Таким образом, важной особенностью потребительского сознания является не только его ревниво-завистливое отношение к более удачливому сознанию этого же типа, но и совершенно нетерпимое, ненавистническое отношение к инородному, непотребительскому сознанию. Если носители этого сознания не желают перевоспитываться, их готовы уничтожить.
Особенностью современного потребительского социума является его стремление уничтожить дуалистскую структуру мира, в которой издавна соседствуют два начала: сфера обмениваемого, продаваемого, и сфера самоценного, не измеряемого в деньгах.

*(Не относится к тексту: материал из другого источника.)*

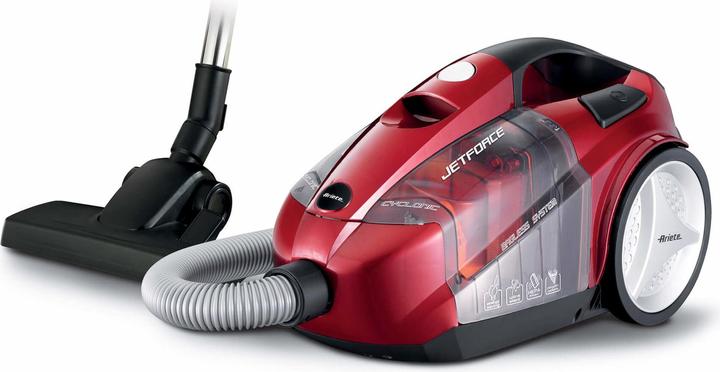 Ariete 2791 Jet Force, Aspirapolvere senza sacco, 800 W, Filtro Hepa, Capacità 2,5 L, Motore ciclonico, Ruo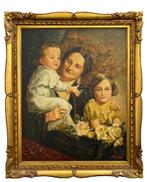 Olieverf op doek, gesigneerd, Ophalen of Verzenden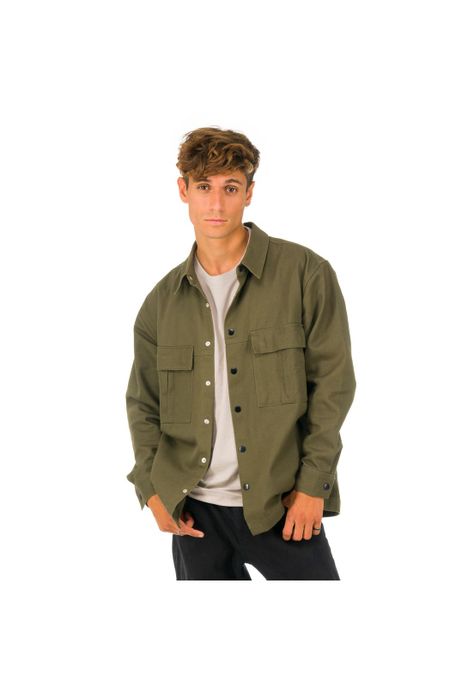 Chaqueta Unisex Clique Verde Militar -3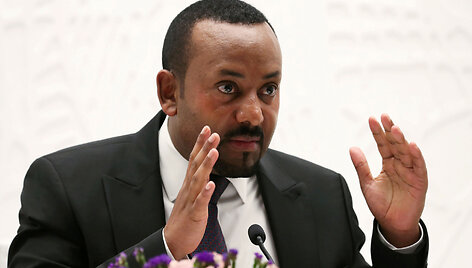 Etiopijos premjeras Abiy Ahmedas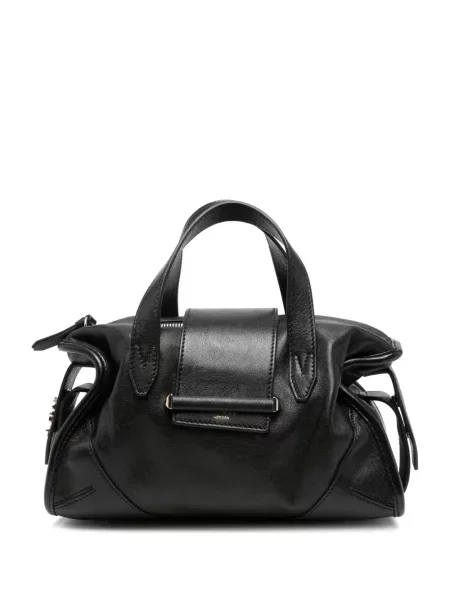 Bőr shopper táska Jimmy Choo fekete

В человеческом микромире это в первую очередь семья: отношение супругов, отношение родителей и детей и т. п. Эта сфера моментально утратит свою экзистенциальную подлинность и социальную эффективность, если начнет подчиняться логике товарно-денежных, расчетных отношений. Такие вещи, как любовь, забота, поддержка и другие гарантии существования, в принципе не формируемые и не измеримые по законам рынка, сразу же исчезнут, а вместе с ними — и человеческая личность как таковая. Даже самые отчаянные рыночники не решаются оспорить внерыночный статус семейного микромира.[5]

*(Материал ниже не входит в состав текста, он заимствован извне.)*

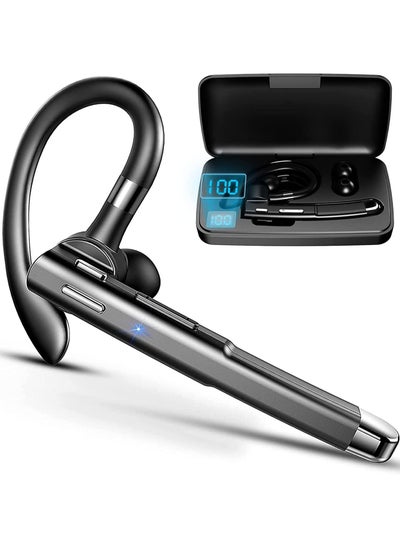 Buy Bluetooth Headset with Mic, Headset Bluetooth with CVC 8.0 Noise Cancellation, Bluetooth Headset with IPX7 Waterproof, 12 Hours HD Hands-Free Calling, for Driving/Business/Office in Saudi Arabia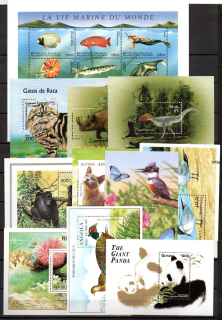 Sestava aršíků známek Fauna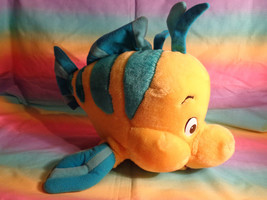 Disneyland Walt Disney World Large Flounder Little Mermaid Plush Toy 13&quot;... - £12.38 GBP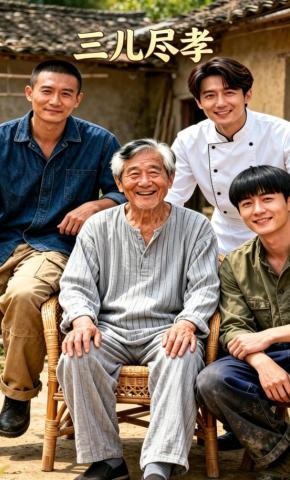 短剧《三儿尽孝》海报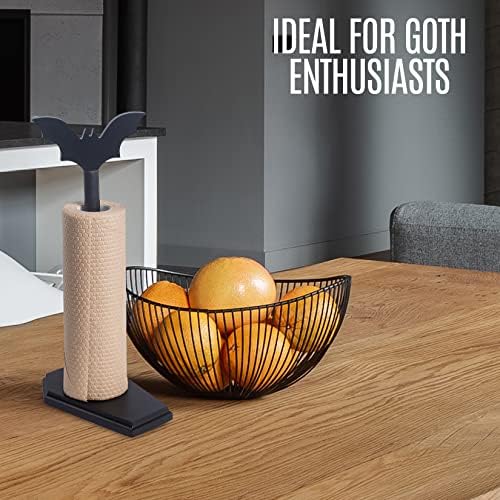 Bat Paper Towel Holder, Halloween Kitchen Decor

Но и на социальном макроуровне, несомненно, присутствуют структуры и инстанции, выводимые за пределы отношений обмена и утилитарной умышленности.
Если бы таких структур не существовало, из человеческой жизни вообще исчезла бы тема идентичности — важнейшая тема психологии, культуры и морали. Местоимением «мы» Кант хорошо показал в своем различении теоретического и практического разума, что мир ценностей держится на принципиально ином фундаменте, чем система теоретических доказательств. Ценностные основания теоретически не доказуемы, они — отсвет "другого мира". Этот другой мир вполне может существовать и для атеистов, в том случае, если они признают наличие высших, материально не измеримых и не обмениваемых ценностей. Дуальная структура сохраняется, перемещаясь в посюсторонность.

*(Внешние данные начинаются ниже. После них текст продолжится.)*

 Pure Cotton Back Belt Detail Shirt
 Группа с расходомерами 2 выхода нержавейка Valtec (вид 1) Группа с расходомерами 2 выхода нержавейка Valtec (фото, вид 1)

Достойно размышлений неприятие индивидуалистическо-прагматическим сознанием "второго измерения". Ему для самоуспокоения непременно нужно разрушить дуальную структуру существования, где есть верх и низ, духовное и телесное, дневное и ночное. "Культурная революция" нового либерализма имеет целью устранить напряжение этих двух начал — все то, что нас мобилизует, обязывает, подтягивает до высоты культурных норм. Характерный пример — легитимация непечатных выражений, к которой настойчиво призывает… министр культуры.[6]
Этот тип сознания, стремящийся обрести репутацию остуженного и бесстрастного, здесь, в ниспровержении норм, обнаруживает своеобразную нигилистическую страстность. Подобно тому как известные ведомства неистовствовали в поисках врагов, уполномоченные этого типа сознания выискивают — для искоренения — добродетельных. Нет, совсем не так уж безобидно и прозрачно потребительско-индивидуалистическое сознание, в нем присутствует свой демонизм, свой гений отрицания, неустанная раздражительность ко всем проявлениям иных позиций и иных измерений.
Словом, оно способно уполномочивать на борьбу — и борьбу нешуточную.
В целом же можно сделать вывод: процесс рационализации, заявленный еще на заре европейского модерна в качестве главной программы и главной миссии Запада в мире, натолкнулся на самую неожиданную препону. Ее олицетворяют не представители архаических культур, не "полпреды Востока" на Западе — ее образует само западное массовое потребительское общество.
5
Исключение, впрочем, имеется: это нобелевский лауреат Г. Бэккер, попытавшийся распространить свою монетаристскую теорию "экономии времени" даже на семейные отношения.
6
Телепередача на канале «Культура» от 14.02.02: "Культурная революция. Без мата нет русского языка".